Scraped caption text data

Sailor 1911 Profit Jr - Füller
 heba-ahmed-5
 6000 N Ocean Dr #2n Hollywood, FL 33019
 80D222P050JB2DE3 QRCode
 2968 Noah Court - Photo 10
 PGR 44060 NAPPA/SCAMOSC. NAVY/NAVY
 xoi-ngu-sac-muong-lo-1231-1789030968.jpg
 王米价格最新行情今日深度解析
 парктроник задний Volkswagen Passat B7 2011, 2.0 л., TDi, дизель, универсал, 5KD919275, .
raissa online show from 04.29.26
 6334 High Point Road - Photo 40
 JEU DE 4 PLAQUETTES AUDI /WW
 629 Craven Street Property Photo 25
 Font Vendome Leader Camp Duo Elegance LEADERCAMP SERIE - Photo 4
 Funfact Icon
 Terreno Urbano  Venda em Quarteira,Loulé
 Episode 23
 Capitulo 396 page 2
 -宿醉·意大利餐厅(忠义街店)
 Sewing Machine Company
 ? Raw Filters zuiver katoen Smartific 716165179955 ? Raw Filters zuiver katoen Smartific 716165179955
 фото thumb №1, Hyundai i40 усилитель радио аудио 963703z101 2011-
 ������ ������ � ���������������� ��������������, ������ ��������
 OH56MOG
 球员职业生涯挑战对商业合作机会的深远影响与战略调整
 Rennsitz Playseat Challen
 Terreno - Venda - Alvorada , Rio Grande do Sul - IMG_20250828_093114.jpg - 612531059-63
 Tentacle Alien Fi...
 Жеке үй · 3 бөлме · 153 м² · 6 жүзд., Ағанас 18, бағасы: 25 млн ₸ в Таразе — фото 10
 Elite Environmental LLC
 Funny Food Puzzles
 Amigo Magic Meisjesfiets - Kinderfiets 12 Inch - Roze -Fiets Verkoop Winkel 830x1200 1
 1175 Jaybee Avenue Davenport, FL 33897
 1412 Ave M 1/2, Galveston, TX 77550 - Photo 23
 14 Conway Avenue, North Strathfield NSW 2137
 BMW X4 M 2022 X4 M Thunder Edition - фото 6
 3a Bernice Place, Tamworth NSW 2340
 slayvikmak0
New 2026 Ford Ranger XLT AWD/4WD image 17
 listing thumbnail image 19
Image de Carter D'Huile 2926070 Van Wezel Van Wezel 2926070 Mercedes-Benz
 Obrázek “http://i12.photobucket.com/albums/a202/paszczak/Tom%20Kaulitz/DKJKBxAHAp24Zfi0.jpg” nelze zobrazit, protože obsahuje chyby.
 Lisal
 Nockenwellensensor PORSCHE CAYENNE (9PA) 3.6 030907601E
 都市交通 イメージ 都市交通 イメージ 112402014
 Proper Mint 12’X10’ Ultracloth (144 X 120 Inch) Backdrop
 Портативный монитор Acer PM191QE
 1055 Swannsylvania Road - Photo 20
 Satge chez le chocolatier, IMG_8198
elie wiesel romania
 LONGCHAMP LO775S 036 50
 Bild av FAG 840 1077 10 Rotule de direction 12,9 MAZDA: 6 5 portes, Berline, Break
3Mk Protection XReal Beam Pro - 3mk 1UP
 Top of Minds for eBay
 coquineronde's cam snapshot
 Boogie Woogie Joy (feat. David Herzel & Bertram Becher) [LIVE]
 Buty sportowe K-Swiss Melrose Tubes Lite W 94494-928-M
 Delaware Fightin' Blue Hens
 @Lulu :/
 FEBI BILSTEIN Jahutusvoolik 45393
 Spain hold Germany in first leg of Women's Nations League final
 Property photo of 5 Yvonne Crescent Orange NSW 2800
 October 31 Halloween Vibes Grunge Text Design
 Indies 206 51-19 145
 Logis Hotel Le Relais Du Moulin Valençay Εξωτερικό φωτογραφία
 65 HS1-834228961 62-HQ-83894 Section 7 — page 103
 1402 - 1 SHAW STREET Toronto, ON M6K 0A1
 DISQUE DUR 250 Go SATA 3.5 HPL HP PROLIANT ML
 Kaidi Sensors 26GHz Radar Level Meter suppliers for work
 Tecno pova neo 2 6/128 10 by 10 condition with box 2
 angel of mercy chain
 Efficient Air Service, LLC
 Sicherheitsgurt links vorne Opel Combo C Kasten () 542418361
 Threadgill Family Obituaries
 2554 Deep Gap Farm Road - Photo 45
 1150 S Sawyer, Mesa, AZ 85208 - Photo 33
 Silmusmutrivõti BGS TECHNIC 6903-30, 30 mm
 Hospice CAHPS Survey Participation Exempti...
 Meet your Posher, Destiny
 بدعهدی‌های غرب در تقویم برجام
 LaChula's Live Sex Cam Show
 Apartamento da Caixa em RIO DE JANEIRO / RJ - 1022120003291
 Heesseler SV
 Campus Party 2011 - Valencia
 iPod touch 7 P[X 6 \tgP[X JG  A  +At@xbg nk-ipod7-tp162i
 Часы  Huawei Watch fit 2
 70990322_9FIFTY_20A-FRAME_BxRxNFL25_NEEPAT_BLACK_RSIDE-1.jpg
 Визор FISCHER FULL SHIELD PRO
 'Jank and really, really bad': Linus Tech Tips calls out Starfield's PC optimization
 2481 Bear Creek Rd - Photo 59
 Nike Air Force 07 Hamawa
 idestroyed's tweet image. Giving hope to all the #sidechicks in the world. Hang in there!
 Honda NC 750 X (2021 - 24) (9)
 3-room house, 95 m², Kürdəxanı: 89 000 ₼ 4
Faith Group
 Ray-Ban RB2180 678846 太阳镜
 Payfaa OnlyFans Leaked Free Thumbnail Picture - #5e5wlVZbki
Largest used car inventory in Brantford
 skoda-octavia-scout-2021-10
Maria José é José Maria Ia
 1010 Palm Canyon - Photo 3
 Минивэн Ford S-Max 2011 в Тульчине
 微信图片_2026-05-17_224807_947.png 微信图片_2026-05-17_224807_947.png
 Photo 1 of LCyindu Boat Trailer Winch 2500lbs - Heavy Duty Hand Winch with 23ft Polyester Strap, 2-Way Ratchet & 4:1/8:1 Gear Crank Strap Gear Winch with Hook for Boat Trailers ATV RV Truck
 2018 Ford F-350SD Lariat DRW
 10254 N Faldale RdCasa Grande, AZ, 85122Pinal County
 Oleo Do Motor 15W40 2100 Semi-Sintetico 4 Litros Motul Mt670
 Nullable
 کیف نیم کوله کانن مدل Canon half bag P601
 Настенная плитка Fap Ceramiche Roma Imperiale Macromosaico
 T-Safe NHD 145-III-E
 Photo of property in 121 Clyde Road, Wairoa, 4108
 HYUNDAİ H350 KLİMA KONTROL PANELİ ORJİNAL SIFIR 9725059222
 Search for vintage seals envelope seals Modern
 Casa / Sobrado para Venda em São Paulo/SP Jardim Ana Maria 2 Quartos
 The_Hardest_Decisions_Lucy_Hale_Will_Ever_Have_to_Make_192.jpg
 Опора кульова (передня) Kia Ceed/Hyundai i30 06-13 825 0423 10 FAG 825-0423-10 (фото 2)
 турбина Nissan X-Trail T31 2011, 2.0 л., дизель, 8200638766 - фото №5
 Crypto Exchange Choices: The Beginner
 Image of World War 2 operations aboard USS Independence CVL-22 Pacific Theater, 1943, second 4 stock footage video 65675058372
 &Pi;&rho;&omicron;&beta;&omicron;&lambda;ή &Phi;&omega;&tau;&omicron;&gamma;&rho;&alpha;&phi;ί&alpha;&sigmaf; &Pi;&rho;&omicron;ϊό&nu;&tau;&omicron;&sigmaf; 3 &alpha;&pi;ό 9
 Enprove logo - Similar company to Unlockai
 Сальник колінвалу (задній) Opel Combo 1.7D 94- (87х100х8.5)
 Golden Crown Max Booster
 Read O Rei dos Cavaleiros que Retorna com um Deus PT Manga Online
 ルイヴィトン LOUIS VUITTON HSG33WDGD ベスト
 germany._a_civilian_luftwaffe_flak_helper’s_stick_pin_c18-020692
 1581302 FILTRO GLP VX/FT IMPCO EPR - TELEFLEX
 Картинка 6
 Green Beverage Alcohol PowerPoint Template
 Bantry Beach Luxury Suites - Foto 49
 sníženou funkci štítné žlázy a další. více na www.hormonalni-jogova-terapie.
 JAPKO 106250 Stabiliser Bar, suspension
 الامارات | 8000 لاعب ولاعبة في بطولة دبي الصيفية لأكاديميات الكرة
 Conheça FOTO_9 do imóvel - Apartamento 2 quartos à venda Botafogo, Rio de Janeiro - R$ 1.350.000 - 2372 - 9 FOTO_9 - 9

→ **EXERCISE AIM**
Please go over the data above and copy each line with "Combo" in it.

→ **WRITTEN RESPONSE**
 Sicherheitsgurt links vorne Opel Combo C Kasten () 542418361
 Сальник колінвалу (задній) Opel Combo 1.7D 94- (87х100х8.5)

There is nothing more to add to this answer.